4-H was something every kid who lived on a ranch participated. I had an animal every year starting with a Lamb, and when I was big enough, a Steer.
I learned how to knit, crochet, sew, do Leathercraft, identify meat cuts, bake, can and keep records of all of it from my leaders who were women that did the same things my mother did.
I learned from my dad and uncle how to ride a ranch horse, build fence, brand a calf, pull a calf, how to tell when a heifer or cow was going to calve, how to tame a weiner calf to be a good 4-H beef, how to rope, and a zillion other things I probably have forgotten.
The point is, where I live now, here in the dampness of Western Oregon, I feel much stronger than my neighbor because of how/where I was raised. I have learned resourcefulness, courage in hard times, responsibility, independence, and I can survive in a disaster, AND take care of those around me.
The other thing is, I feel rather alone at times, because there are few people I connect with in quite the same way, who have similar upbringings or backgrounds. My knitting group is great, and I like spending time with them, but I always feel like the misfit. I'm a cowboy living in the city. Like Crocodile Dundee in New York..
So am I whining? A little. Sometimes I feel cheated out of the life I was supposed to have, thanks to poor choices in careers and men. I want those lost years back. It's difficult to keep looking ahead, wondering how our country is going to fare in the next few years. I think about the big picture and try to see how it will affect my world.

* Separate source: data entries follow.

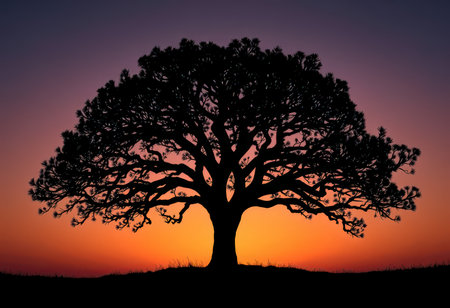 Silhouette of old oak tree at sunset. Nature background.の素材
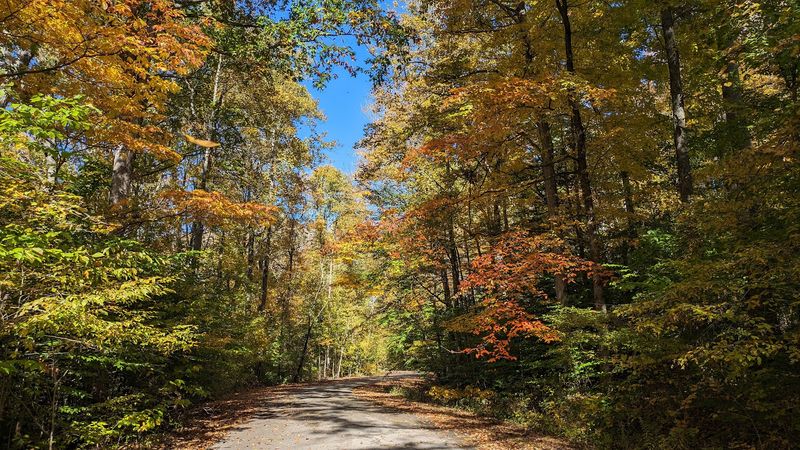 Dogs Are Welcome on the Trail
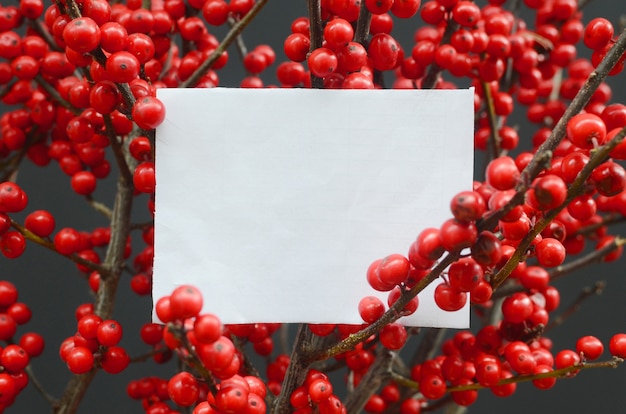 Red berries for background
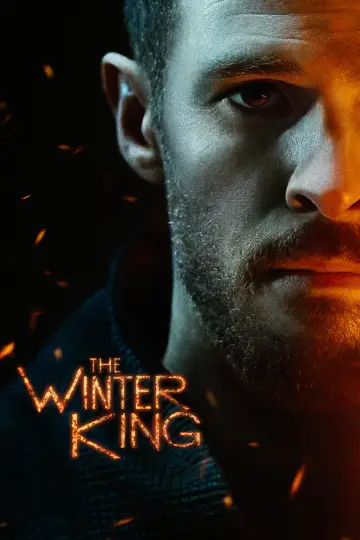 Poster for the TV series "The Winter King" #1559264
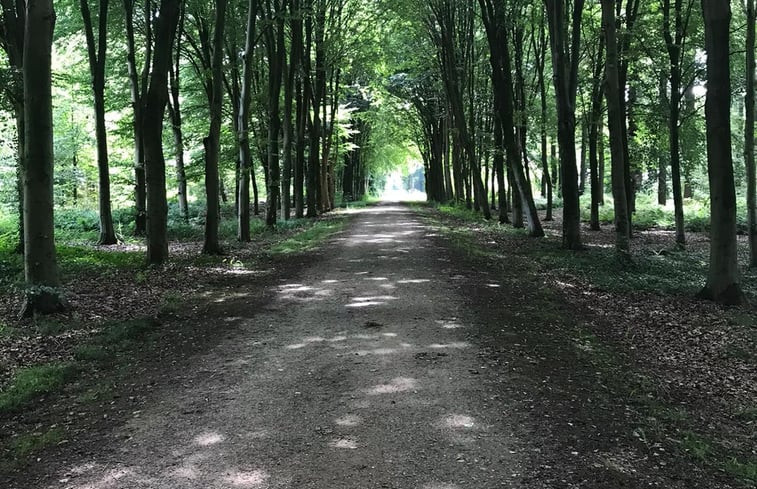 Natuurhuisje in Voorstonden Gem. Brummen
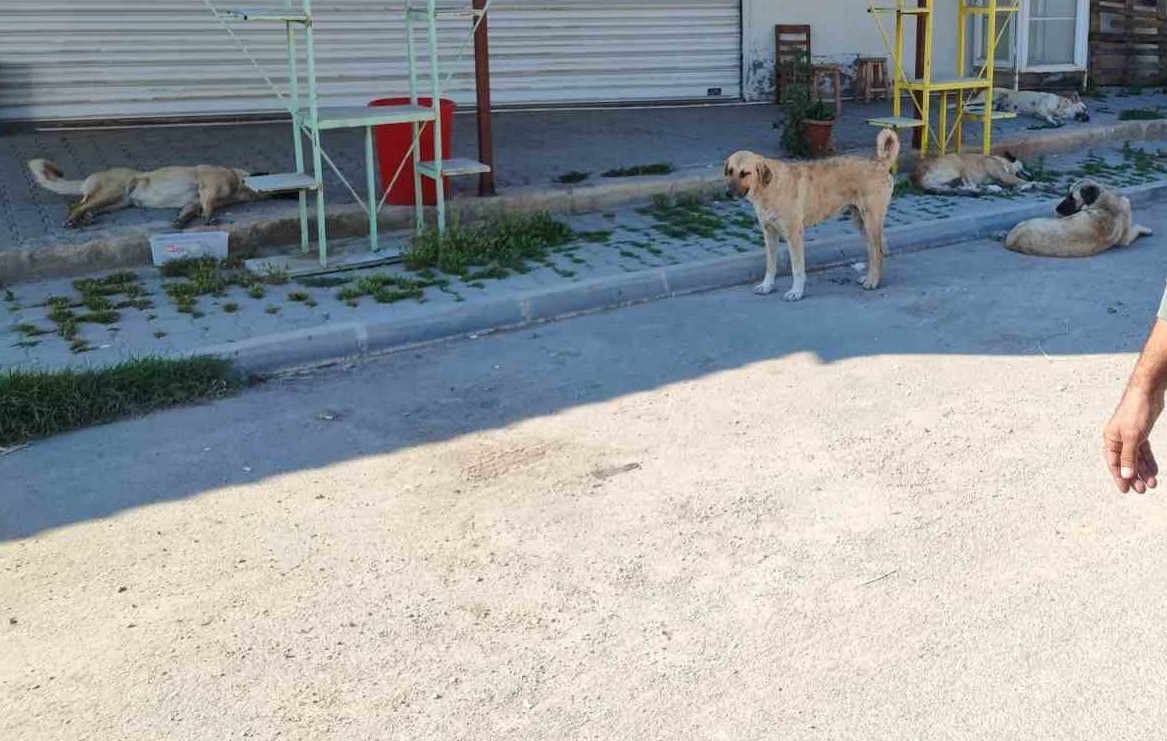 Mahalleli, sokak köpeklerine isyan etti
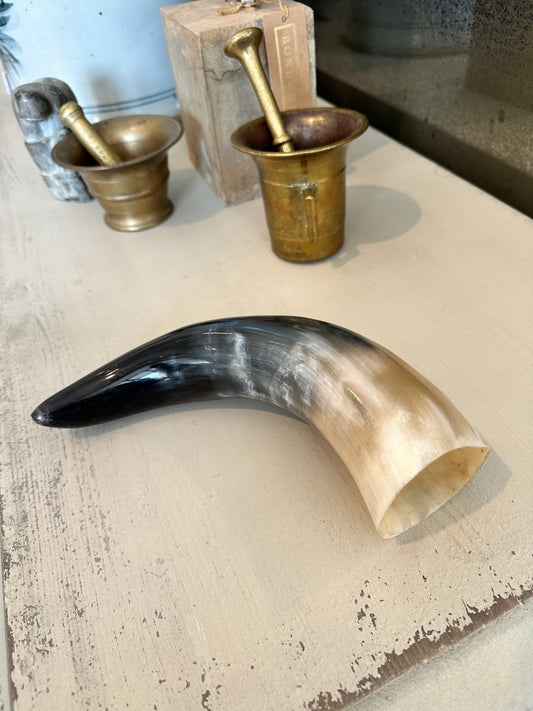 Small Cow Horn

In the meantime, I have kids to raise, living by example as best I can, hoping these children will make more intelligent decisions than I did when I was their age. Innocence is so precious, but they need to know. Be prepared.
What does all of this have to do with making stuff? Well think about it. Everything we are as artists manifest in the things we create. A co-worker, (who does Woodturning) was talking openly about his wife's cancer at our lunch table . We, (those sitting around him) have been up to speed on the ongoing events, so I thing he felt comfortable with what he said. "During my wife's time of Chemo, she was violently ill. I found that the things I was turning at that time had become part of what she was experiencing" He also said he looks back on those creations, and nobody wanted them. Everything else sold, or was given away, those pieces sat on the shelf. Do you see? I see him turning, thinking about his wife, and Cancer, and being alone, death, anger, - all of it poured into those turnings. They are representations of what he was feeling.
I make things because I can, and I make things because it's the best way I can express myself.